# Formula Notation
This document provides a brief guide to writing Formulas. Formulas are provided via the [Formulaic Python Package](https://matthewwardrop.github.io/formulaic/latest/).

For the curious, the notation used in formulas is based on Wilkinson notation and was developed by Wilkinson and Rogers in their paper [Symbolic Description of Factorial Models for Analysis of Variance](https://www.jstor.org/stable/2346786).

## Basic Notation
Formulas are of the general form `formula = 'y ~ x + a + b'` where y is referred to as the response variable or depedent variable and x, a and b are referred to as the regressors or independent variables.

Notice that a tilde `~` is used instead of an equal sign `=`. Regressors are seperated by a plus sign ` + `.

## Transformations
Formulas can also be used to transform data. 

To take the log of a variable, write `log(x)` as in `formula = 'y ~ log(x) + a + b'`.

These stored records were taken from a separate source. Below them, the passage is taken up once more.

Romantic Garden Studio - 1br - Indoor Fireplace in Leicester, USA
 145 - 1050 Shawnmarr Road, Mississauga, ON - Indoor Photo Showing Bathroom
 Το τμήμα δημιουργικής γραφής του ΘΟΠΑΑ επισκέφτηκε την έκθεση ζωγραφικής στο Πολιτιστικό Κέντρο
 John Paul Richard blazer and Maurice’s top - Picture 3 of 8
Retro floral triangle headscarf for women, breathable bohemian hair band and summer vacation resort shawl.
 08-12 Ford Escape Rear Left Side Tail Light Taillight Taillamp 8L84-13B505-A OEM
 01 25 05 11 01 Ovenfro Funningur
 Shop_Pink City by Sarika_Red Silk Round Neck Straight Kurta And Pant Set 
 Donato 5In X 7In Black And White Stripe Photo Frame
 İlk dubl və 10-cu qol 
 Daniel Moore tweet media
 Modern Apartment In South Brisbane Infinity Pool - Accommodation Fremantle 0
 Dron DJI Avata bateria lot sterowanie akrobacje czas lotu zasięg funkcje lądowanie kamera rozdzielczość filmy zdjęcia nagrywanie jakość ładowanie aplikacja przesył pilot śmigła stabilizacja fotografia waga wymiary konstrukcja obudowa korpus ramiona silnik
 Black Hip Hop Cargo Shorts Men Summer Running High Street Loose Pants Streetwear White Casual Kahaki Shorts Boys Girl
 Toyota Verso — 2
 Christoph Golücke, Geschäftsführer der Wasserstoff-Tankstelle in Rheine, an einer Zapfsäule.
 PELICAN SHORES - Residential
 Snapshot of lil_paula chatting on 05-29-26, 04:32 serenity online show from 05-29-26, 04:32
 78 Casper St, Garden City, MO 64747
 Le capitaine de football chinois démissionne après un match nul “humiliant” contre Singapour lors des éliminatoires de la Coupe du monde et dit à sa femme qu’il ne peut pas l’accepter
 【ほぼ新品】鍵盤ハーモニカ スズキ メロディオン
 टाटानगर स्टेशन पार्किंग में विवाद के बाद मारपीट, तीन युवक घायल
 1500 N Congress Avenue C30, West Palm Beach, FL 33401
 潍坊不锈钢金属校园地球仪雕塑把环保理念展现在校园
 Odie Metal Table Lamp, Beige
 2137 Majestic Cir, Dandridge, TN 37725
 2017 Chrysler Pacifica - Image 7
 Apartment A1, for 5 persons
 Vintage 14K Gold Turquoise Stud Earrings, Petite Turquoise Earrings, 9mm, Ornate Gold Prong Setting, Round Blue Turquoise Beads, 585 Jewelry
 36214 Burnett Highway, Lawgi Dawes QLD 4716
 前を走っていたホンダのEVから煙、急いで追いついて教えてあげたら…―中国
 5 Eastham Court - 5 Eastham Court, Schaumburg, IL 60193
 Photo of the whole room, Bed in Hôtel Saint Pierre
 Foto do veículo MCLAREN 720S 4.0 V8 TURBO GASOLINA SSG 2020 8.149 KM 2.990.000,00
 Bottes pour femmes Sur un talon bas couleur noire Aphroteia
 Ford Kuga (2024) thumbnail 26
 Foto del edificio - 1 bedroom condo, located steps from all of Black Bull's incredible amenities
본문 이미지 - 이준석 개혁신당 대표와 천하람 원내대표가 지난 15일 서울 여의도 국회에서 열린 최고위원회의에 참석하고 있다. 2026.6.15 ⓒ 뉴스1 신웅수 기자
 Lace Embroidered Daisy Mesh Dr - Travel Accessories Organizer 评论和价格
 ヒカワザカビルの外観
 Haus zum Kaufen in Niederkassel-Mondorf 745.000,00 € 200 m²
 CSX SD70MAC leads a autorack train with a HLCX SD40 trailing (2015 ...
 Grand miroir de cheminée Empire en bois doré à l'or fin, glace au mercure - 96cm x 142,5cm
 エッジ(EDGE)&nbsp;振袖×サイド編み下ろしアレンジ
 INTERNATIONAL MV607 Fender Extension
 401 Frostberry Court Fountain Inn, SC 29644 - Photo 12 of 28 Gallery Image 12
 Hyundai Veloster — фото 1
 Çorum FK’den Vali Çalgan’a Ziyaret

The following functions are available to use inside of formula:
- log
- exp
- floor
- ceil
- trunc
- absolute

## Indicator Variables for Categorical Variables
To use categorical variables in a regression, the variables must be recoded into seperate indicator variables for each category. Formulas make recoding categorical variables easy.

To use a categorical variable in a regression, write `C(X)` as in `formula = 'y ~ C(X) + a + b'`. This will automatically create indicator variables for each category in X.  

To specify the reference category, write `C(X, contr.treatment("x"))` where x is the name of the desired reference category in X.

 For more details on Categorical Encoding, see the Formulaic documentation on [Categorical Encoding](https://matthewwardrop.github.io/formulaic/latest/guides/contrasts/).